X
Innovation

Unstable element 114 reproduced; dashes hopes of atomic stability

Scientists at Lawrence Berkley National Laboratory last week confirmed that they were able to produce element 114, but the super-heavy sample quickly decayed, dashing hopes that it would be stable.
Written by Andrew Nusca, Contributor

Scientists at Lawrence Berkley National Laboratory last week confirmed that they were able to produce element 114, but the super-heavy sample quickly decayed, dashing hopes that it would be stable.

Russian scientists first claimed to create atoms of the element informally referred to as "ununquadium" 10 years ago. Since then, scientists hoped that the element, number 114 on the periodic table, was an "island of stability" where it could exist in large quantities for a long period of time.

That turned out not to be true, sending scientists back to the drawing board.

Scientists make super-heavy elements one atom at at time by smashing together the nuclei of lighter elements, fusing them together to form the heavier nucleus of the larger element.
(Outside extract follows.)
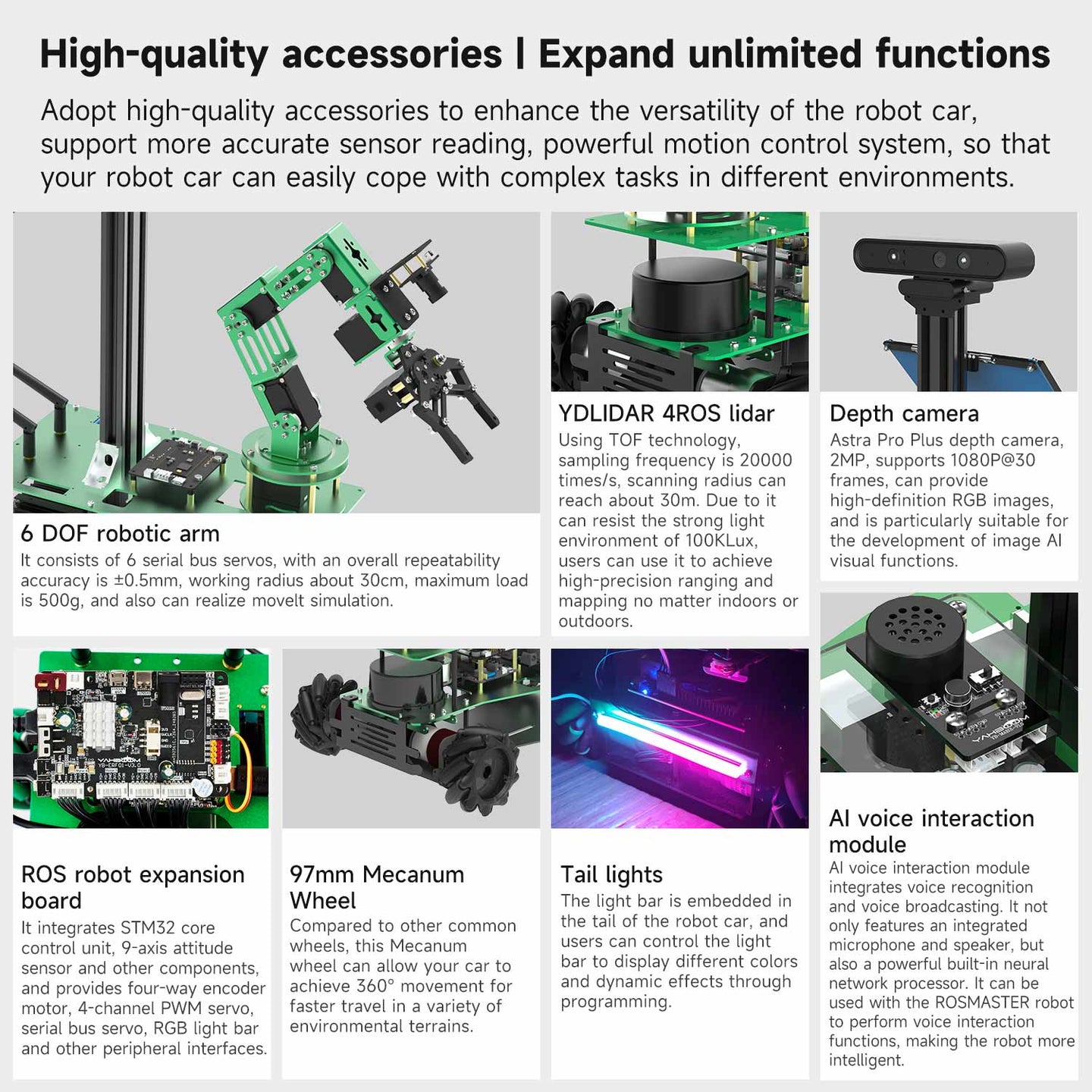 High-quality accessories I Expand unlimited functions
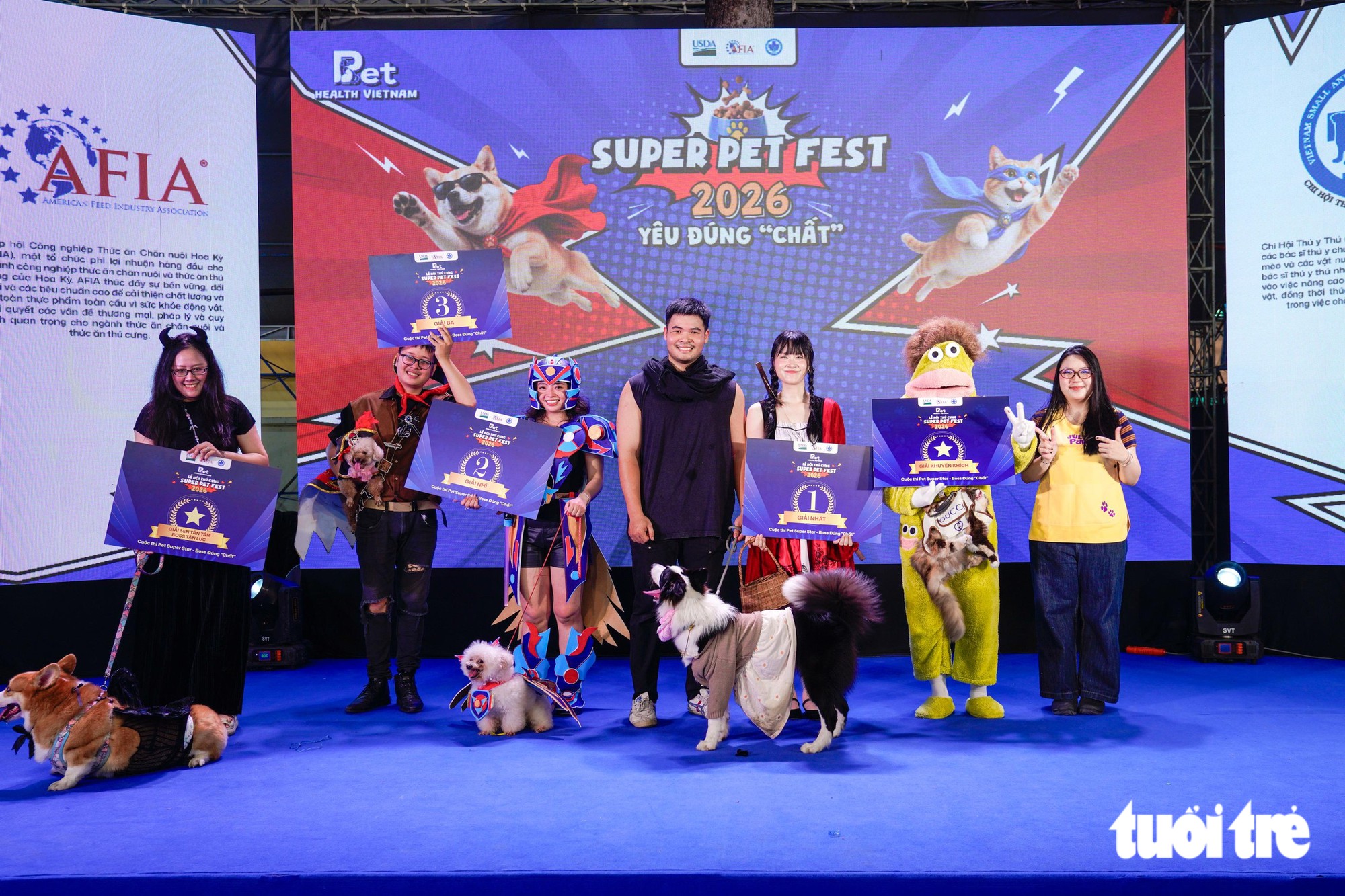 Dàn thú cưng hóa trang Halloween, tranh tài trên sàn diễn Super Pet Fest - Ảnh 19.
But most super-heavy elements are unstable, and only exist for fractions of a second before rapidly decaying back into lighter material.

Nuclear physicists believe that the instability plateaus at a particular number, with the number of protons and neutrons able to produce enough binding energy to counteract the forces that tear apart the heavy nuclei.

Called an "island of stability", the stable elements are usually surrounded by unstable elements that dissipate in nanoseconds.

There aren't any practical uses for super-heavy elements at the end of the periodic table, but it's a frontier still to be explored.

As for that island of stability: the hope now rests on elements 120 and 126.